■ DIRECTIONS FOR THIS TASK ■
The lines from the one containing "Brown Resin Drop" through the end of the entries are what to output; reproduce them exactly and add nothing.
----------
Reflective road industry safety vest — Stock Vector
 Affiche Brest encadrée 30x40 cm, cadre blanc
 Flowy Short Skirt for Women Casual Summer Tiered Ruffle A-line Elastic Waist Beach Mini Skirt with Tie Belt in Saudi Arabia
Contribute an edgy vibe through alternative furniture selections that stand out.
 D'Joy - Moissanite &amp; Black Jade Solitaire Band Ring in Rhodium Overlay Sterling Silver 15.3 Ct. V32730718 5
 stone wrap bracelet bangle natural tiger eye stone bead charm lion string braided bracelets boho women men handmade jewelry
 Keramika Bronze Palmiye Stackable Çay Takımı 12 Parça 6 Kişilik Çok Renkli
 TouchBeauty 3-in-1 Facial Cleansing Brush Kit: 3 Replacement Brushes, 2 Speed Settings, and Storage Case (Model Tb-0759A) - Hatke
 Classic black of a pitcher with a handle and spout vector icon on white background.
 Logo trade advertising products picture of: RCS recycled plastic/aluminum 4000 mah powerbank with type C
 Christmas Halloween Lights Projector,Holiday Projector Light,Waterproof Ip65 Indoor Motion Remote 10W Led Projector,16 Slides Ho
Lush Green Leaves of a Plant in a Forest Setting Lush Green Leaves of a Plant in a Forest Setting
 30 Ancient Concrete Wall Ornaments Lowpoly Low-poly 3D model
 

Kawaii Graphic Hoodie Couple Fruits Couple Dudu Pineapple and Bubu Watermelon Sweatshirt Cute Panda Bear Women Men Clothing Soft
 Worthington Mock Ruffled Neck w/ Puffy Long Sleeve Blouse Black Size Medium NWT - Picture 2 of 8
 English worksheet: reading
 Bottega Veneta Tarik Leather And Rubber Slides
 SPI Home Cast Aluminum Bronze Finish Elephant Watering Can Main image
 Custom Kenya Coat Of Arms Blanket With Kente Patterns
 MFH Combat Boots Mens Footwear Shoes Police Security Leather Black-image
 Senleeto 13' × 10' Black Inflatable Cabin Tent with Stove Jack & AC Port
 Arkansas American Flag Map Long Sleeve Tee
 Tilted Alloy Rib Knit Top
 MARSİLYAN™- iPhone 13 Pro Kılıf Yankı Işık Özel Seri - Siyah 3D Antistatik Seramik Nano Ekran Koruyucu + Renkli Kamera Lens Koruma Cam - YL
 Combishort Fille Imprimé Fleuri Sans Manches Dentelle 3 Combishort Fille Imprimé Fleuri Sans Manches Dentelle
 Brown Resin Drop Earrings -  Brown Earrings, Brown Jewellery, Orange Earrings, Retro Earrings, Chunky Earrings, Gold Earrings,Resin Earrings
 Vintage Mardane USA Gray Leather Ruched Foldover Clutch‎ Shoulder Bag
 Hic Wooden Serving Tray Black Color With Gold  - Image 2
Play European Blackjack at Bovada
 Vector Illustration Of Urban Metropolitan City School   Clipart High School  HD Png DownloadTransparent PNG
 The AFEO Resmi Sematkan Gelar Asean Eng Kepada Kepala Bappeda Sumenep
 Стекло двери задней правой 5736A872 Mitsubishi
----------
■ SOLUTION TO THE EXERCISE ■
 Brown Resin Drop Earrings -  Brown Earrings, Brown Jewellery, Orange Earrings, Retro Earrings, Chunky Earrings, Gold Earrings,Resin Earrings
 Vintage Mardane USA Gray Leather Ruched Foldover Clutch‎ Shoulder Bag
 Hic Wooden Serving Tray Black Color With Gold  - Image 2
Play European Blackjack at Bovada
 Vector Illustration Of Urban Metropolitan City School   Clipart High School  HD Png DownloadTransparent PNG
 The AFEO Resmi Sematkan Gelar Asean Eng Kepada Kepala Bappeda Sumenep
 Стекло двери задней правой 5736A872 Mitsubishi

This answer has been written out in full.